LTL, brokerage woes weigh on ArcBest's Q3

Weak demand coupled with cost pressure weighed on ArcBest's third quarter. The company has mitigated some of the earnings pressure through internal initiatives in recent quarters but really needs a more cooperative freight market to push numbers higher.

ArcBest (NASDAQ: ARCB) reported third-quarter adjusted earnings per share of $1.64, 21 cents below the consensus estimate and 67 cents lower year over year.

The adjusted EPS result excluded expenses tied to past acquisitions and ongoing technology pilots. It also excluded a $69.1 million after-tax reduction in the fair value of MoLo's earnout provision. The MoLo truck brokerage business, which ArcBest acquired three years ago, didn't meet financial targets last year and isn't expected to meet them this year.

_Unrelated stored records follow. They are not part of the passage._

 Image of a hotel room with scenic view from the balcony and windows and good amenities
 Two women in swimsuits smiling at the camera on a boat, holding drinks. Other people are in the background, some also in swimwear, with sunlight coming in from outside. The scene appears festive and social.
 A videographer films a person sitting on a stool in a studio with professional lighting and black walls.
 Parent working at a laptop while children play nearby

The asset-based segment, which includes ArcBest's less-than-truckload subsidiary, ABF Freight, reported a 4.2% y/y revenue decline (5.8% lower on a per-day basis), as an 11.3% decline in tonnage per day was partially offset by a 7.4% increase in revenue per hundredweight, or yield. (Yield was up by a high-single-digit percentage excluding fuel surcharges.)

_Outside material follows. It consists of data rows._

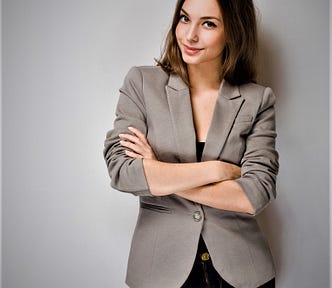 confident girl with brown hair arms crossed over chest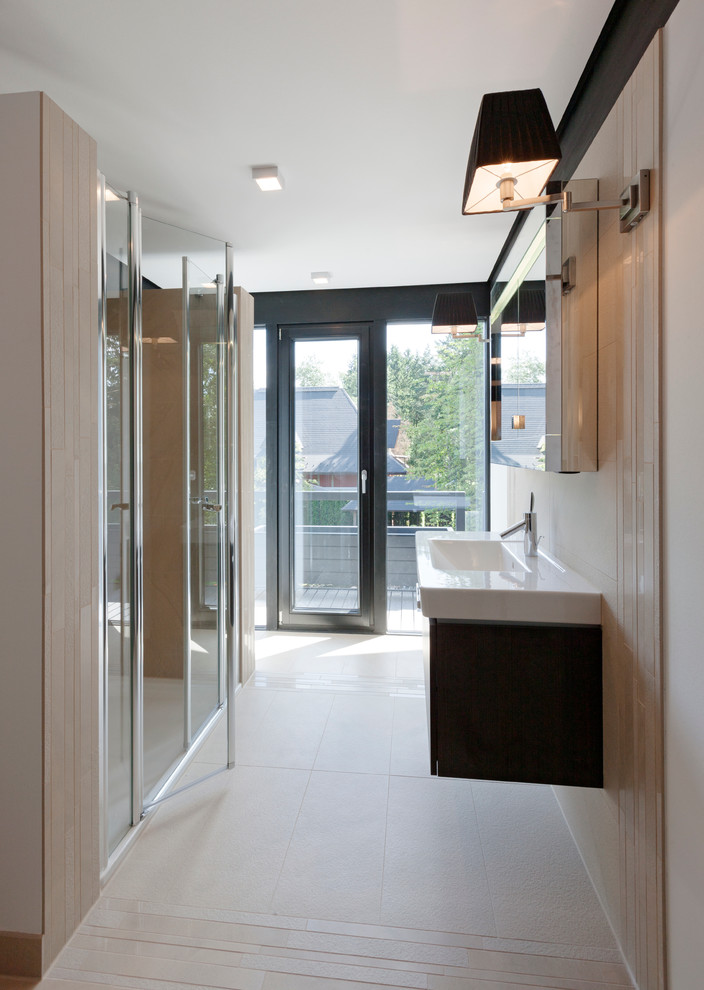 This is an example of a large contemporary bathroom in Stuttgart with flat-panel cabinets, black cabinets, an alcove shower, beige tile, beige walls, limestone floors and an integrated sink.
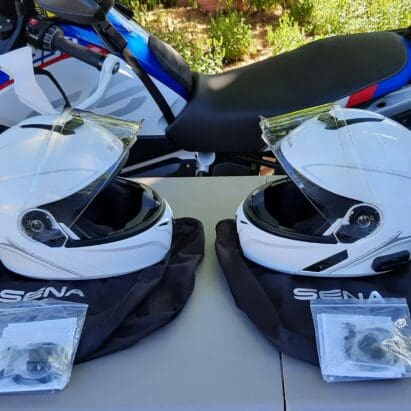 A view of two Outrush R Modular Helmets, in front of a BMW Motorcycle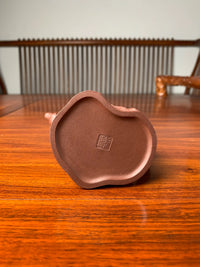 A close-up view of the seal of the artist Wu Hong Kang on the bottom of the teapot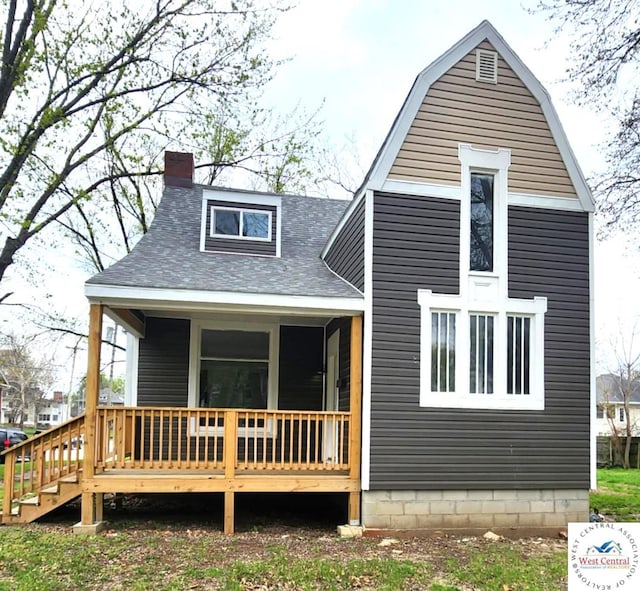 back of house featuring a chimney and a shingled roof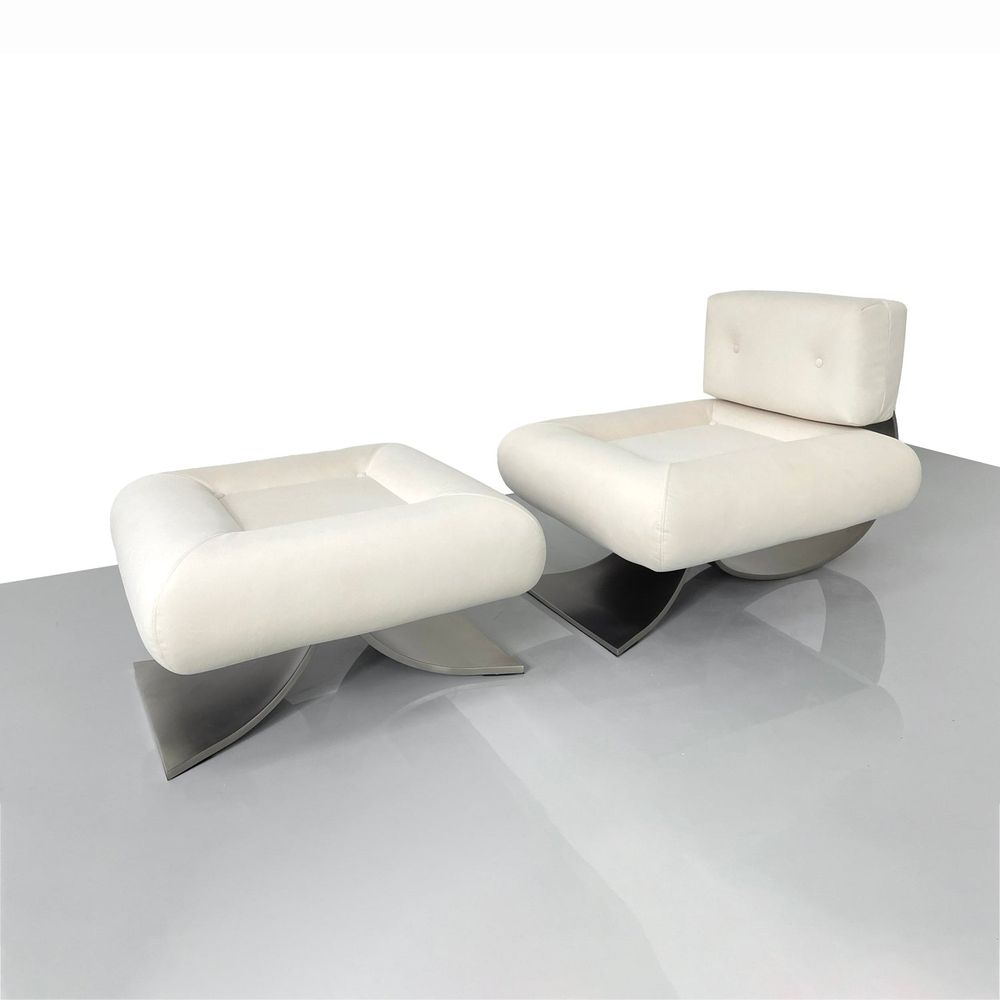 Niemeyer Lounge Chair and Ottoman, shown in ivory and cream with upholstery fabric, metal, and matching ottoman.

A 10.7% y/y drop in weight per shipment drove the tonnage decline as shipments per day were off just 0.7%. Management said customer retention remains strong, but it is seeing lower pallet counts per stop as the industrial economy remains soft.

Tonnage per day declined y/y by 12.5% in July, 9.9% in August and 12.2% in September. Tonnage was down 9% y/y in October but flat with September. October had a tough y/y comparison to October 2023, which benefited from a cyberattack at competitor Estes.

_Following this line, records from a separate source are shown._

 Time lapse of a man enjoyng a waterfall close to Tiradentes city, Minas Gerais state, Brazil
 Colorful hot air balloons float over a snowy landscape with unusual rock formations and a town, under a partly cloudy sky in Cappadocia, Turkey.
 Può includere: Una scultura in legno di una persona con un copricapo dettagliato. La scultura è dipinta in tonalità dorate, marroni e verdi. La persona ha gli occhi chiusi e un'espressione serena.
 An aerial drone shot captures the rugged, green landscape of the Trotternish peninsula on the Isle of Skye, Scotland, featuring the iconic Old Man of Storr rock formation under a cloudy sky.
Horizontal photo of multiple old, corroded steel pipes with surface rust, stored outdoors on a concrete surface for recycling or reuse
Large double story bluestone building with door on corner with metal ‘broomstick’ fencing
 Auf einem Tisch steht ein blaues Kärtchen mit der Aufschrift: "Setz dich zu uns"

The y/y tonnage declines peaked at 22% in May (down 20.4% on a two-year comparison). Declines are expected to ease as the fourth quarter progresses, largely due to easier comps. Tonnage was down 9.6% y/y last November followed by an 8.3% decline in December.

ArcBest's prior-year tonnage comps are easier than those of many of its peers. It began swapping out transactional freight with better-yielding freight from core contractual customers around the time Yellow Corp. (OTC: YELLQ) closed. The process dragged down tonnage as the change in freight mix resulted in lower shipment weights.

The 7.4% increase in the yield calculation during the quarter was driven by the decline in shipment weight. Netting out the change in weight resulted in a roughly 3% decline to yield.

Yield was down 3% y/y in October (flat excluding fuel surcharges) and down 3% from September (with and without fuel). Management called out a tough monthly comp to last year (up 8.1%) and a less favorable mix profile as the reasons for the weaker yield result. It said nothing structural has changed around price negotiations, which continue to be "rational" across the industry.